In 1981, emerged one of them again by name Jerry John Rawlings, who would later on become the longest surviving president for almost 20 years (from 1981 to 2001).

Togo, Nigeria and Ghana have the same conditions like other west African countries were SCAMCEM had built factories. These countries have repeatedly been criticized for their bad economic policies, human rights violations, and corruption among other things.

The darling presidents Gnasingbe’ Eyadema, Jerry John Rawlings in Ghana and Defence Minister Theophilus Danjuma in Nigeria were some of the personalities SCANCEM had dealings or best connections with.

Mr Vice President: Airport residential area, Accra, Monday 27 March 1995. This Monday evening, SCAMCEM’s top boss in Ghana, Tor Nygaard, a Norwegian, had invited some guests for dinner in his exclusive and spacious residence at Arku Korsah Road around the Airport Residential area, at the outskirts of Ghana’s capital, Accra.

This area was decorated with well-trimmed gardens, palm trees, Kapok, Mahogni, OG evergreen beautiful trees, providing good canopy shade.

They had agreed to lay the bribery case behind them. We paid the politicians, party members, port authorities. But together with Administrative Director, Paul A. Rabl in SCAMCEM and the company’s Africa boss, Tor Egil Kjelsaas were Nygaard Bertskap for the representative Gensidge, Director Harald Elgaaen, another vital Director, Peter Hermanrud and Administrative Director in the social security fund, Tore Lindholt.

They were all invited by the Norwegian Aker, who at that time owned fifty per cent of SCAMCEM. The reason was simple: Gjensidige, Vital and FOLICETRYGDFONDET had something in common. The were all stakeholders and owned shares in Aker.

The Board of Directors in Akgil were worried about the interest rates back in Norway and wanted to clarify the value of shares or holdings that AKER Kontrous, among others, in West Africa.

It was an opportunity for the representatives of the shareholders to confer with SCAMCEM together with their Ghanaian counterparts over a meal time.

There were impressions at the dinner table.

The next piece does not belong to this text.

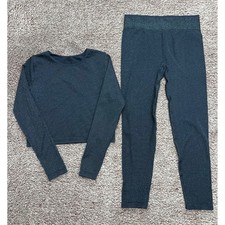 All in Motion Girls L 10/12 Navy Blue Shimmer Sparkle Crop Top Leggings Set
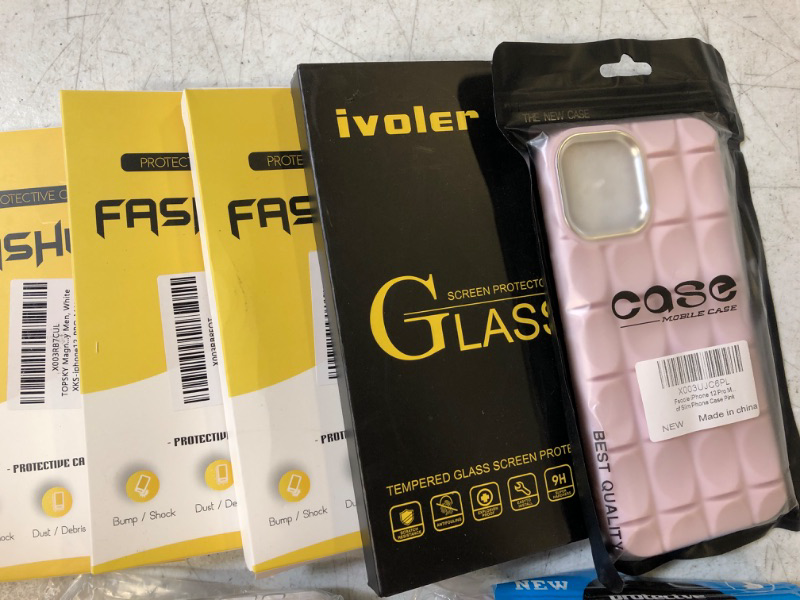 Photo 1 of Bundle of IPhone 12 Pro Max Screen Protector and Samsung Galaxy and various sizes of iphone cases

One of the prominent African guest present was Ghana’s vice president, Mr Paul Victor Obeng. The other guest presented was a minister in president Jerry John Rawlings’ government.

Mr Paul Victor Obeng, otherwise P.V. as he is called, was in reality not a Vice President nor a Minister of State as the Ghanaian press at that time described him. His actual position was a special adviser to the then President Rawlings.

But SCANCEM all the same had their way through. Obeng was practically the number two man in President Rawlings political power hierarchy.

Members of the Ghanaian government also prioritised a private dinner with three Norwegian AKER shareholders. Their discussions were centred on SCAMCEM’s interest in Ghana.

But how had SCAMCEM achieved this position with SCANCEM’s sister company, GHACEM with cement production in cities like Tema and Takoradi was not a useless venture to the Ghanaian economy or industries. in providing GHACEM’s meant labour and wages to the inhabitants and also taxes to the government?

But all the same in judgement room no 8 in Asker and Baerum courthouse, more than ten years later, formulated the former Ghana boss, TOR Nygaard, the story as such in his testimony in the witness box. It is better to let the bribery case be as it is.

We paid the politicians, the party and port authorities through Switzerland and Luxembourg; in SCANCEM’s accounts department lay documents that speak for themselves.

In the middle of the 1990s, there were two anonymous bank accounts in Unibank SA in Luxembourg and Barclays SA in Geneva in Switzerland which were earmarked ‘Ghana’, and substantial amount was being paid in dollars to the said accounts from SCANCEM’s headquarters in Oslo.

From 1993 to 1998, a total of 1,690.000 dollars (approximately 12 million Norwegian Kroner) was paid to the Barclays accounts. In the same way was 2.460.00 dollars or (17 million Kroan) transferred to the Unibank accounts.

This was presented by an internal SCAMCEM report. The transfers from Oslo to both accounts indicated Ghana Klinker Export.

Who were recipients? SCAMCEM’s leadership believe that the monies paid into the Barclay account, went to President John Jerry Rawlings’ wife, Nana Rawlings and that of Unibank went to Vice President Paul Victor Obeng.